今天要整理记录的内容是fast_style模型在OpenCV中使用dnn模块进行加载调用,并基于该模型实现快速的图像风格迁移。在该博文中使用到的fast_style模型是基于pytorch框架训练而成的,总共分为九个不同风格的模型,其中的不同风格是在不同艺术作品中提取出来的,咋一看会有些眼熟,然而说不上来是什么画风。。。
具体的图像风格如下:
模型 | 风格(翻译可能有误) |
---|---|
candy | 糖果 |
composition_vii | 康丁斯基的抽象派绘画风格 |
feathers | 羽毛 |
udnie | 乌迪妮 |
la_muse | 缪斯 |
mosaic | 镶嵌 |
the_wave | 海浪 |
starry_night | 星夜 |
the_scream | 爱德华·蒙克创作绘画风格(呐喊) |
那在这里我们主要是整理fast_style模型在OpenCV中的调用,所以就不去钻研有关艺术范围的问题了。下面通过代码逐步整理记录fast_style模型的调用,注意这里以candy
模型为例子,其他模型的调用方法也都是一样的。
首先,加载模型并且设置计算后台和目标设备
string candy_model_path = "D:/opencv_c++/opencv_tutorial/data/models/fast_style/candy.t7";
Net candy_net = readNetFromTorch(candy_model_path);
candy_net.setPreferableBackend(DNN_BACKEND_OPENCV);
candy_net.setPreferableTarget(DNN_TARGET_CPU);
然后读取要进行风格迁移的图像,将其转换为blob并传入网络的输入层,再进行前向传播
Mat image = imread("D:/opencv_c++/opencv_tutorial/data/images/小公园.jpg");
resize(image, image, Size(600, 600));
Mat inputBlob = blobFromImage(image, 1.0, Size(256, 256), Scalar(103.939, 116.779, 123.68), false, false);
candy_net.setInput(inputBlob);
Mat prob = candy_net.forward();
得到前向传播结果矩阵prob后,就需要对其进行解码。这里得到的prob是一个四维的Mat对象,第一维度表示图像的索引,因为传入一张图像所以等于0;第二维度表示输出图像的通道;第三维度表示输出图像的高度;第四维度表示输出图像的宽度。所以我们需要的是第二、三、四个维度的信息,利用获得的输出图像信息来创建一个画布,这个画布就是用来接收风格迁移后的图像。
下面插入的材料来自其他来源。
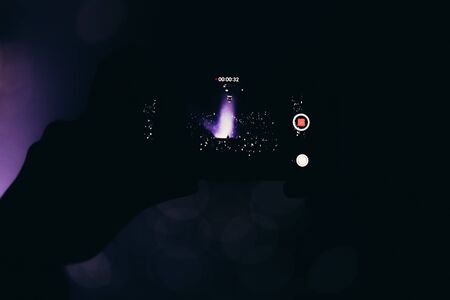 Stage lights and crowd of audience with hands raised at a music festival. Fans enjoying the party vibes.の写真素材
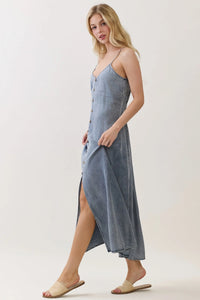 Light blue denim tencel flowy maxi dress with thin straps and front button closure for elegant wear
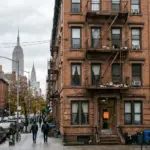 New York City residential brownstone buildings representing the neighborhoods affected by Local Law 18 short-term rental enforcement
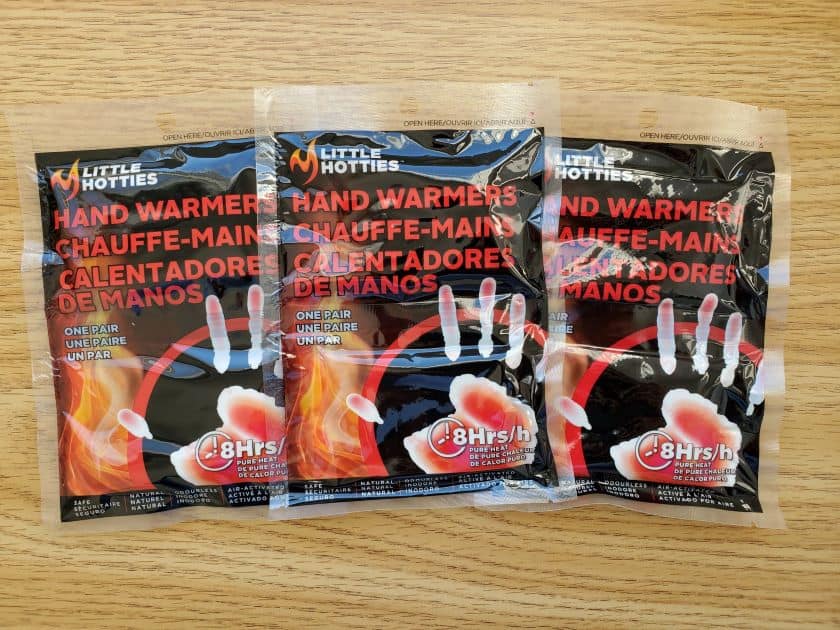 A warm x-country ski includes heat packs for your hands and feet. There are 3 packages side by side with hot hands on them.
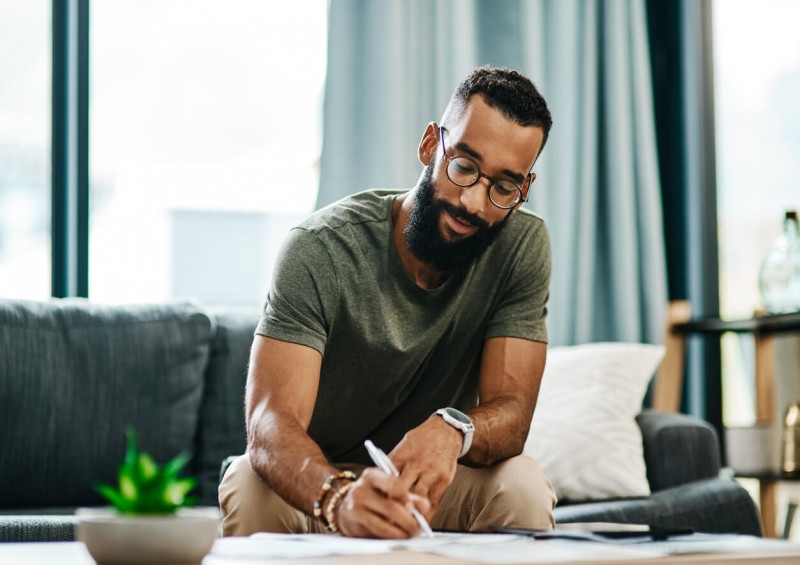 Man signing a will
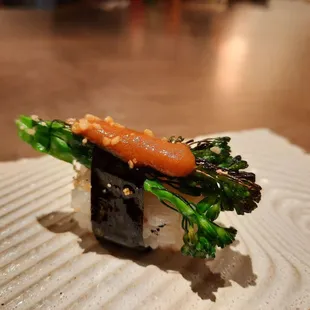 a piece of sushi with broccoli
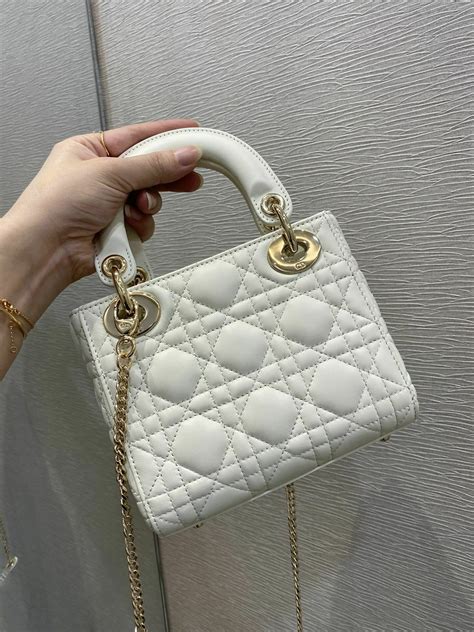 mini dior white bag.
然后通过for循环来逐一获取prob中三个维度的值,并赋值到画布中相应位置处,从而得到风格迁移后的图像。
int channels = prob.size[1];
int height = prob.size[2];
int width = prob.size[3];
Mat result = Mat::zeros(Size(width, height), CV_32FC3);
for (int ch = 0; ch < channels; ch++)
{
for (int row = 0; row < height; row++)
{
float* prob_ptr = prob.ptr<float>(0, ch, row);
for (int col = 0; col < width; col++)
{
result.at<Vec3f>(row, col)[ch] = prob_ptr[col];
}
}
}
要注意这里得到的风格迁移后的图像还不是最终的图像,因为网络的输出为了减少不同光照情况的影响而减去均值,所以我们需要给这个图像再加上均值,并且归一化到 [ 0 , 255 ] 之间,同时转换为CV_8UC3类型。
这时候我们就得到能显示的不同风格的图像了,但是由于风格迁移后,迁移图像和原图像的差距可能非常的大,甚至会存在噪声,所以我们对迁移图像进行轻微的中值滤波后,将迁移图像和原图像按照一定权重进行加权融合,以达到更好的显示效果。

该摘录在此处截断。